I. ONTSTAAN EN LOOP VAN DE GEDINGEN
Met ingang van 1 januari 2002 is de Wet structuur uitvoeringsorganisatie werk en inkomen in werking getreden. Ingevolge de Invoeringswet Wet structuur uitvoeringsorganisatie werk en inkomen treedt in dit geding de Raad van bestuur van het Uitvoeringsinstituut werknemersverzekeringen (Uwv) in de plaats van het Landelijk instituut sociale verzekeringen (Lisv). In deze uitspraak wordt onder het bestuursorgaan tevens verstaan het Lisv.

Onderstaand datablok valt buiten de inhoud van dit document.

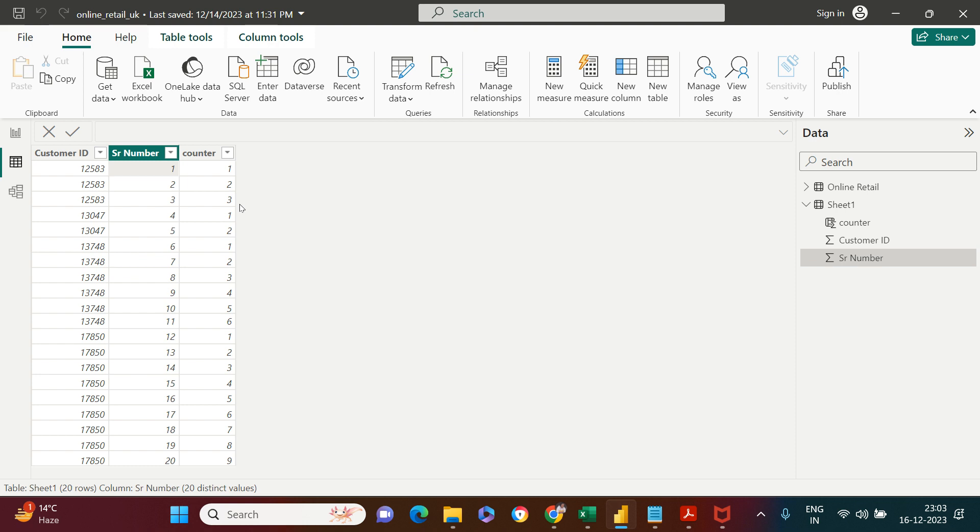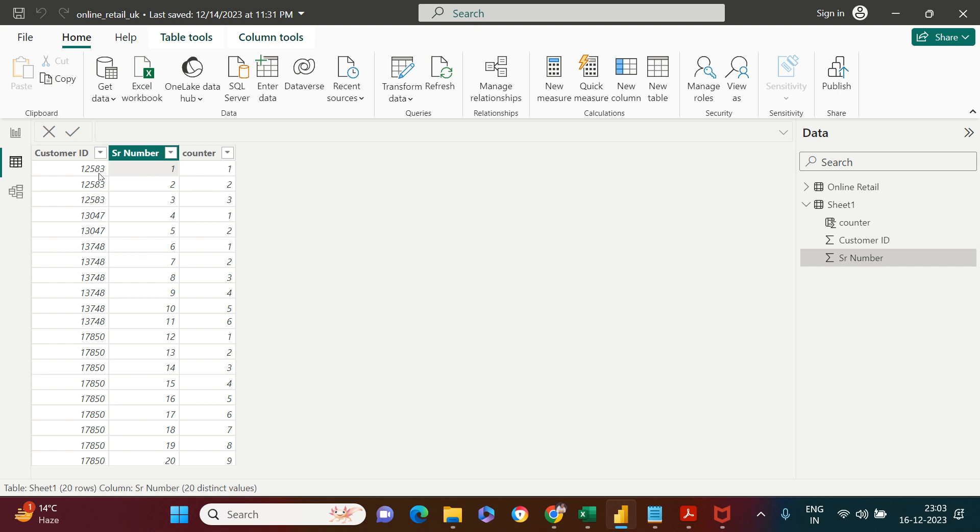In our case, this is customer ID. If you see these three customer IDs are the same, the counter I've created says for the first entry one, second entry two, third entry three.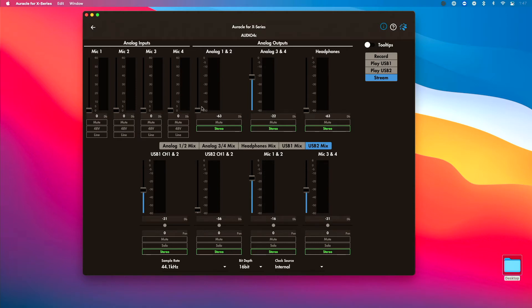In addition to that, I can create mixes and send them out of analog outputs one and two, three and four, and then also my headphone output at the same time. So there's so much more we can do with this.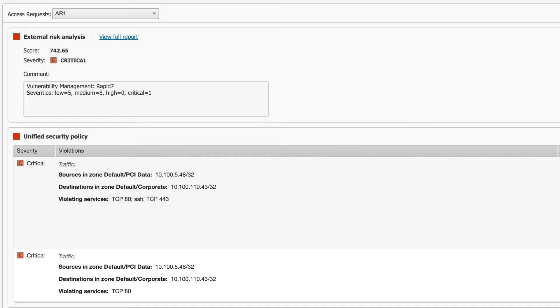When there is no risk or the business accepts the identified risk, changes are provisioned across the network in a process that can only take minutes.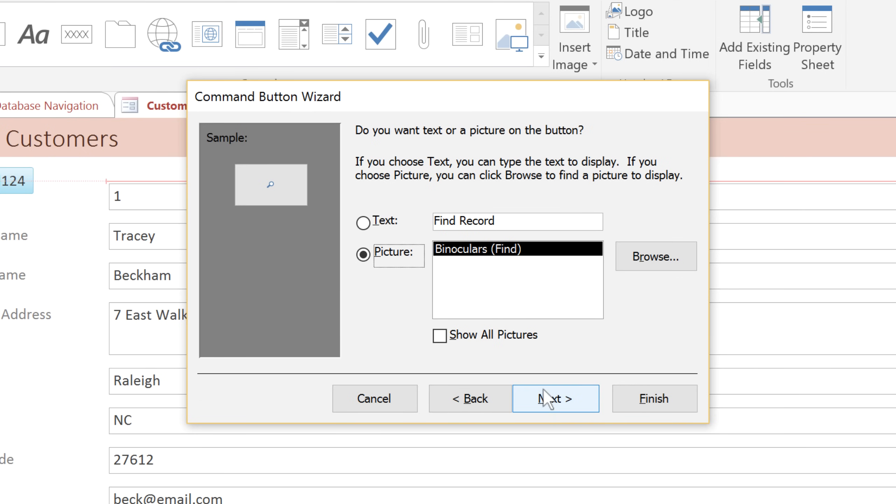Here you can choose whether you want the button to display text or a picture. In this case, I'm going to use the default binoculars picture, but you could also browse for another picture if you want.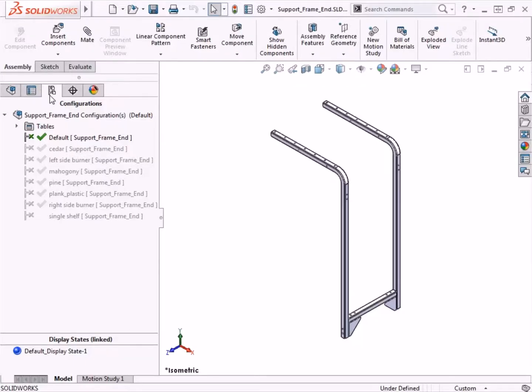Just like parts, assemblies can also have configurations. They can be created through a design table or they can be created manually.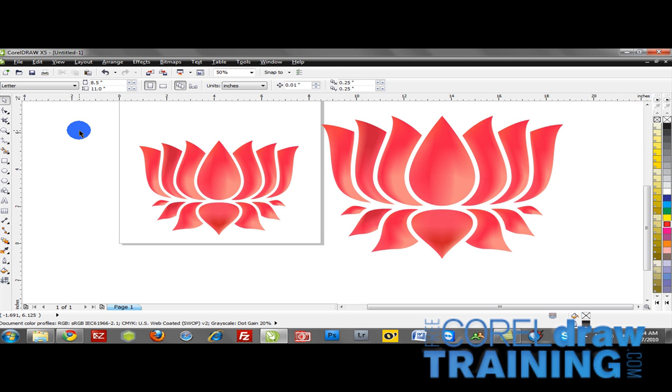So I invite you to experiment with this. There's really no wrong or right way to use it, but it definitely will give a lot of dimension to your designs.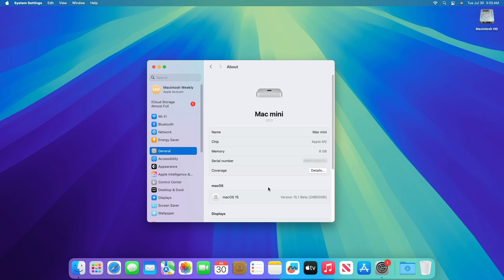And for Mac any Apple Silicon Mac or better is required. Also let me clear that there is no support for Apple Intelligence on Intel Macs. Now let me show how to get Apple Intelligence on your Mac.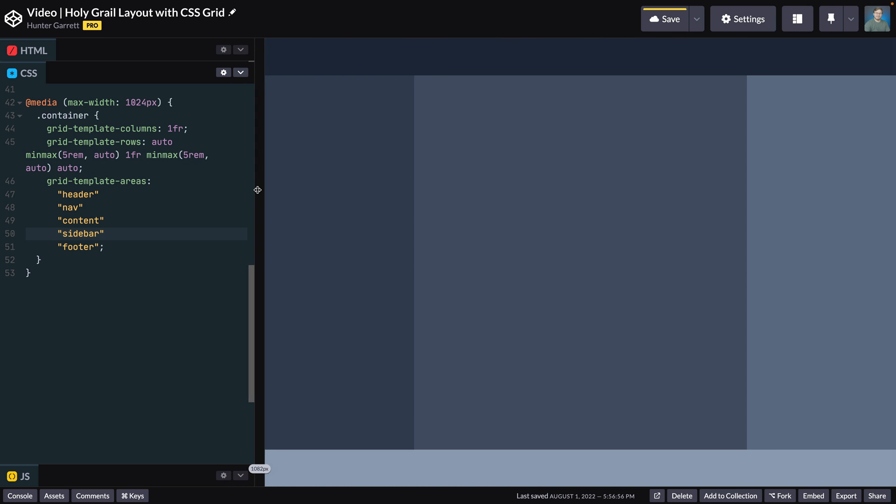Check out this video to learn how to create an image slider using only HTML and CSS. And hit that like button and consider subscribing if you found this video helpful. Again, I'm Hunter from Skillthrive, and I'll see you in the next one.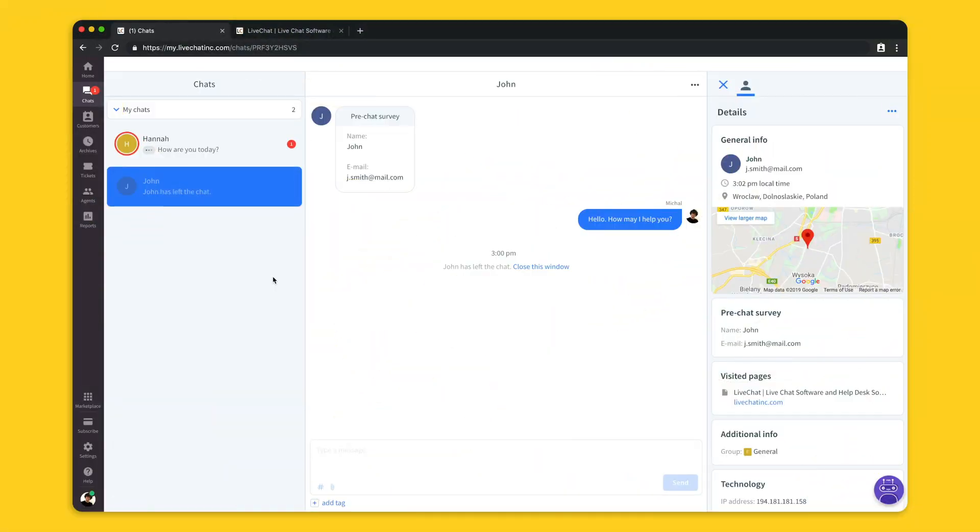In this section I will guide you through the agents application and show you how the chat looks like from the inside, what type of customer information you can see from your app and how to use archives and the tickets.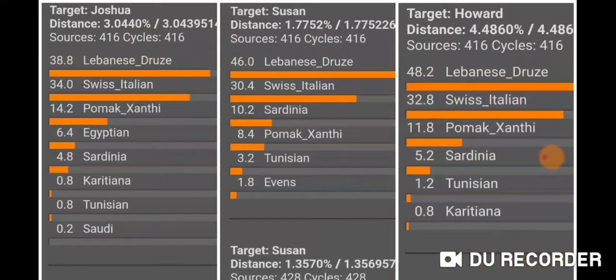When you remove all the Jewish references, all three of us get Lebanese Druze as our top percentage in the N-Monti calculator run. My dad gets the most Lebanese Druze at 48.2% but also the most distance at 4.16. My mom gets the least distance at 1.7752 and 46% Lebanese Druze. I get 38% Lebanese Druze, so my parents get more than me.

Bij besluit van 27 maart 2000 (hierna: besluit I) heeft het bestuursorgaan ongegrond verklaard de bezwaren van belanghebbende 1 tegen de correctienota's van 6 juli 1999 over het jaar 1994 en over het tijdvak van 1 januari 1995 tot en met 30 juni 1995 en de boetenota's van 13 juli 1999 over dat jaar c.q. dat tijdvak.
Bij besluit van eveneens 27 maart 2000 (hierna: besluit II) heeft het bestuursorgaan ongegrond verklaard de bezwaren van belanghebbende 1 tegen de correctienota van 6 juli 1999 over het tijdvak van 1 juli 1995 tot en met 31 december 1995 en de boetenota van 13 juli 1999 over dat tijdvak.
Bij besluit van eveneens 27 maart 2000 (hierna: besluit III) heeft het bestuursorgaan ongegrond verklaard de bezwaren van belanghebbende 2 tegen de correctienota's van 6 en 9 juli 1999 over het jaar 1996 en de boetenota van 19 juli 1999 over dat jaar.
Bij besluit van eveneens 27 maart 2000 (hierna: besluit IV) heeft het bestuursorgaan ongegrond verklaard de bezwaren van belanghebbende 2 tegen de correctienota's van 6 juli 1999 over het jaar 1997, de boetenota van 13 juli 1999 over dat jaar alsmede de correctienota inzake niet ingehouden loonbelasting van 9 juli 1999 over 1998.
De rechtbank Rotterdam heeft bij uitspraak van 1 februari 2001 de namens belanghebbenden ingestelde beroepen tegen de besluiten I, II en III gegrond verklaard, deze besluiten vernietigd, bepaald dat het bestuursorgaan opnieuw op de bezwaarschriften moet beslissen met inachtneming van hetgeen in deze uitspraak is overwogen, het bestuursorgaan veroordeeld in de proceskosten van belanghebbenden, gelast dat het bestuursorgaan aan belanghebbenden het griffierecht vergoedt, en het beroep tegen besluit IV ongegrond verklaard.
Belanghebbenden zijn bij gemachtigde drs. J. van Leeuwaarden, werkzaam bij Van Dessel & Van Leeuwaarden belastingadviseurs, op bij aanvullend beroepschrift van 11 juni 2001 aangevoerde gronden van die uitspraak in hoger beroep gekomen.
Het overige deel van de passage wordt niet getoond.